Copy out exactly the stretch of the listing below that begins at the line containing "Bernard Freeman - @bernardfreeman" and ends at the line containing "Коралл групп. Коралл", and copy nothing outside it.

***** RECORDS TO USE

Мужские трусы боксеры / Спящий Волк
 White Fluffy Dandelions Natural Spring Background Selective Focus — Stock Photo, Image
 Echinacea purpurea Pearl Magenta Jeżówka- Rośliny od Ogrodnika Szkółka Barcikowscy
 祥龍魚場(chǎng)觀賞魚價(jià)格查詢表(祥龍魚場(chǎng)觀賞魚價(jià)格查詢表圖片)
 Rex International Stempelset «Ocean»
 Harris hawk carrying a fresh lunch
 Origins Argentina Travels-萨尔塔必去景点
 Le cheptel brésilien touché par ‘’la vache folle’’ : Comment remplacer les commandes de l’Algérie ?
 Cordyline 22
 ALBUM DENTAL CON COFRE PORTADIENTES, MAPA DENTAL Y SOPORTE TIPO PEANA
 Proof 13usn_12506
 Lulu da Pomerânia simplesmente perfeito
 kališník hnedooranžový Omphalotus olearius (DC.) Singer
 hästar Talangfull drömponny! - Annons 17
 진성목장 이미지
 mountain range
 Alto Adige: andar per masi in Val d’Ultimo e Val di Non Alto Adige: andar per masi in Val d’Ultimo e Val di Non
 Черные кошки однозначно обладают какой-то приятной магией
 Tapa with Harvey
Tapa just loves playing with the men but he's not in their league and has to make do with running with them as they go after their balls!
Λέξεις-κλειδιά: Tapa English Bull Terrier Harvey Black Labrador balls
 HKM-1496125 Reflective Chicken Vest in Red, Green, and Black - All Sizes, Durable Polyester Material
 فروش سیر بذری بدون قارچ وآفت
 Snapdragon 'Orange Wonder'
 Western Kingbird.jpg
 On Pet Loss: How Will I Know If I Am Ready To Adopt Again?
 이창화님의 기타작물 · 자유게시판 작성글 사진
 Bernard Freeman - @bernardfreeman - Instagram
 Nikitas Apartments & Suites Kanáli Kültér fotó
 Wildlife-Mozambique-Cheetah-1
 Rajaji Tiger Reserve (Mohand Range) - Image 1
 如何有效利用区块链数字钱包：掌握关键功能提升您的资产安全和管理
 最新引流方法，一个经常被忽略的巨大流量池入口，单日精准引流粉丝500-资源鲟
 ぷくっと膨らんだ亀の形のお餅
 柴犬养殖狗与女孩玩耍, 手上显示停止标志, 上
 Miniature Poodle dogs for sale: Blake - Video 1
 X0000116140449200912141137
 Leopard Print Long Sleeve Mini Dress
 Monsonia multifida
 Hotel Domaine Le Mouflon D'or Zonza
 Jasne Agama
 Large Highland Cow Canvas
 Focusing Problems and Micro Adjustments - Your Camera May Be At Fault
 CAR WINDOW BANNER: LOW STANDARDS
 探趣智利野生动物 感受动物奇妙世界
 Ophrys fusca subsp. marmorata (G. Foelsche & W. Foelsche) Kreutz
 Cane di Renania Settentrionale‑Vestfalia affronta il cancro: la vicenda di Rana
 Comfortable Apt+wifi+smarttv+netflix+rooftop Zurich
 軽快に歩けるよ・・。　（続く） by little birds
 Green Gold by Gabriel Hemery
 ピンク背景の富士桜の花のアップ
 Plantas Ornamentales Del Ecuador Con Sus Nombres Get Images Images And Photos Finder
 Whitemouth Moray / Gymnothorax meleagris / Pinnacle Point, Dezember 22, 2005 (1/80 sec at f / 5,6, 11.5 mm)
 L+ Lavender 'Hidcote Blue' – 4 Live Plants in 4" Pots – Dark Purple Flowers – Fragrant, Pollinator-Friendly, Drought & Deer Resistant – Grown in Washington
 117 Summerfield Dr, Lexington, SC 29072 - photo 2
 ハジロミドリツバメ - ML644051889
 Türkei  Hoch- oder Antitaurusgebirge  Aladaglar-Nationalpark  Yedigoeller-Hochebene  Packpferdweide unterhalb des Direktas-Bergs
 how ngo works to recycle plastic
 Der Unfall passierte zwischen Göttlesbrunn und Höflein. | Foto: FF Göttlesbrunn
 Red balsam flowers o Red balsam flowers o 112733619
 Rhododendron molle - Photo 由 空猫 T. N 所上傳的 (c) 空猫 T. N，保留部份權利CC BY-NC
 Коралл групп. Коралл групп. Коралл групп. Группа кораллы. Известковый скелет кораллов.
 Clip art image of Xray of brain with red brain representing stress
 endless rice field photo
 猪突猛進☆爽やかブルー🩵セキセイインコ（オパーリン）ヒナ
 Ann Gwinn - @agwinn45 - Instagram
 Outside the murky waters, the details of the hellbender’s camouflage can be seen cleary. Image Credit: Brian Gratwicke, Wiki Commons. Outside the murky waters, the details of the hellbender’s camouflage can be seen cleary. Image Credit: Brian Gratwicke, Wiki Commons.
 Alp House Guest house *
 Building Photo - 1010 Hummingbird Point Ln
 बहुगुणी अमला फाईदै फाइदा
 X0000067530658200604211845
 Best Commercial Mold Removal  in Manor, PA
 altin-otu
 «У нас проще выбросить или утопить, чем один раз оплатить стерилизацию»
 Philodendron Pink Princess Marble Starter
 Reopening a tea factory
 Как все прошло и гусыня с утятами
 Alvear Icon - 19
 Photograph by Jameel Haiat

**********

**RESULT:**
 Bernard Freeman - @bernardfreeman - Instagram
 Nikitas Apartments & Suites Kanáli Kültér fotó
 Wildlife-Mozambique-Cheetah-1
 Rajaji Tiger Reserve (Mohand Range) - Image 1
 如何有效利用区块链数字钱包：掌握关键功能提升您的资产安全和管理
 最新引流方法，一个经常被忽略的巨大流量池入口，单日精准引流粉丝500-资源鲟
 ぷくっと膨らんだ亀の形のお餅
 柴犬养殖狗与女孩玩耍, 手上显示停止标志, 上
 Miniature Poodle dogs for sale: Blake - Video 1
 X0000116140449200912141137
 Leopard Print Long Sleeve Mini Dress
 Monsonia multifida
 Hotel Domaine Le Mouflon D'or Zonza
 Jasne Agama
 Large Highland Cow Canvas
 Focusing Problems and Micro Adjustments - Your Camera May Be At Fault
 CAR WINDOW BANNER: LOW STANDARDS
 探趣智利野生动物 感受动物奇妙世界
 Ophrys fusca subsp. marmorata (G. Foelsche & W. Foelsche) Kreutz
 Cane di Renania Settentrionale‑Vestfalia affronta il cancro: la vicenda di Rana
 Comfortable Apt+wifi+smarttv+netflix+rooftop Zurich
 軽快に歩けるよ・・。　（続く） by little birds
 Green Gold by Gabriel Hemery
 ピンク背景の富士桜の花のアップ
 Plantas Ornamentales Del Ecuador Con Sus Nombres Get Images Images And Photos Finder
 Whitemouth Moray / Gymnothorax meleagris / Pinnacle Point, Dezember 22, 2005 (1/80 sec at f / 5,6, 11.5 mm)
 L+ Lavender 'Hidcote Blue' – 4 Live Plants in 4" Pots – Dark Purple Flowers – Fragrant, Pollinator-Friendly, Drought & Deer Resistant – Grown in Washington
 117 Summerfield Dr, Lexington, SC 29072 - photo 2
 ハジロミドリツバメ - ML644051889
 Türkei  Hoch- oder Antitaurusgebirge  Aladaglar-Nationalpark  Yedigoeller-Hochebene  Packpferdweide unterhalb des Direktas-Bergs
 how ngo works to recycle plastic
 Der Unfall passierte zwischen Göttlesbrunn und Höflein. | Foto: FF Göttlesbrunn
 Red balsam flowers o Red balsam flowers o 112733619
 Rhododendron molle - Photo 由 空猫 T. N 所上傳的 (c) 空猫 T. N，保留部份權利CC BY-NC
 Коралл групп. Коралл групп. Коралл групп. Группа кораллы. Известковый скелет кораллов.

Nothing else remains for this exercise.